• Ida Haubart Lund-Larsen
4. term, Global Refugee Studies, Master (Master Programme)
In this project I investigate the relationship between the private security industry and the European Commission to reveal how the influence of commercial actors have taken part in shaping the Migration & Border Management and Security & Defence budgets within the next multi- annual financial framework (MFF) spanning the next seven years from 2021 to 2027, and currently being negotiated between the EU institutions. I have used this long-term budget as a case of analysis to show how immigration is administratively treated as a security issue within the EU Commission. By applying the theoretical lens of the Paris School of security, as presented by the scholars Didier Bigo and Jef Huysmans, I argue that the EU Commission as well as the private security industry frame immigration as an existential threat through discursive and institutional practices and therefore neglect a refugee perspective, which impairs a humanitarian response.
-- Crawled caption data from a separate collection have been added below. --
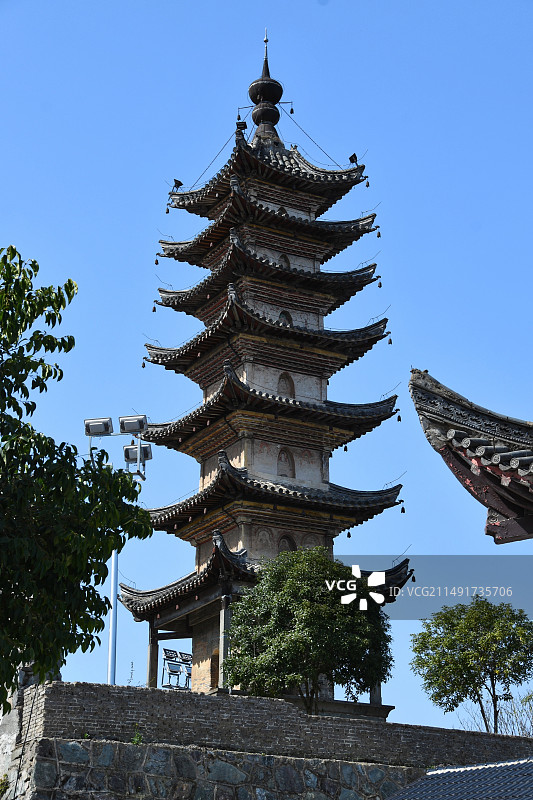 黄山歙县太平兴国寺 长庆寺塔图片素材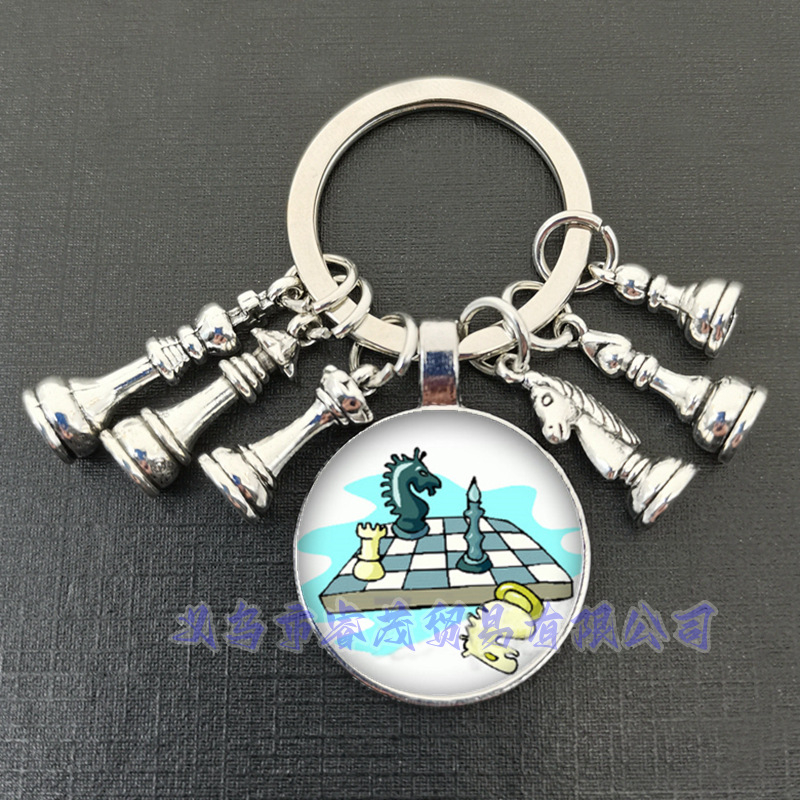 Királynő ló és ló elefánt katona sakk medál kulcstartó idő drágakő ékszer ajándék kulcstartó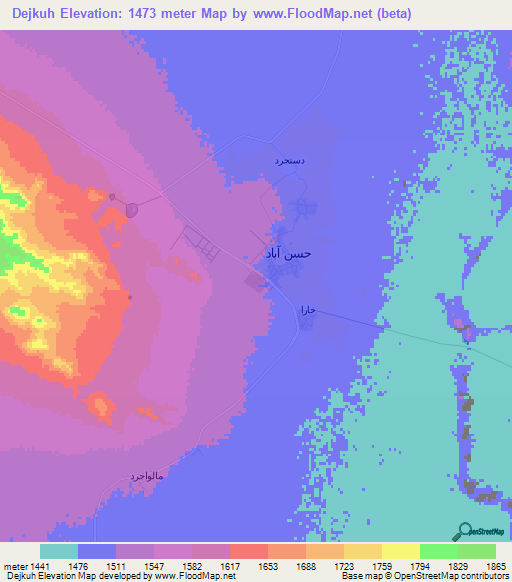 Dejkuh,Iran Elevation Map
Critically questioning the securitization perspective, I further argue that the securitization of immigration is not a process where the end goal is to exclude and criminalize immigrants and militarize borders alone, it is more so part of a broader economic scheme to create and sustain a lucrative and competitive single market within the European Union, which further investment in the private security industry can provide. The project is inspired and motivated by having spent five months in Brussels interning in the European Parliament, where I was both an observer and participant of lobbyism: an ever-present practice, which happens both publicly and behind the scenes. To frame my ethnographic findings, concepts from Irving Goffman’s performance theory is used. This inside experience has given me access and insight to how the lines between public institutions and private interests are blurred and ultimately how policy is in influenced within the EU. I will use these observations in parallel with an investigation of how the private security companies lobby and form relationships with policy makers, in order to maintain their influential positions. This I argue is the result of a process of neoliberalization and market logic, which allows private actors to both be advisors and merchants to the EU.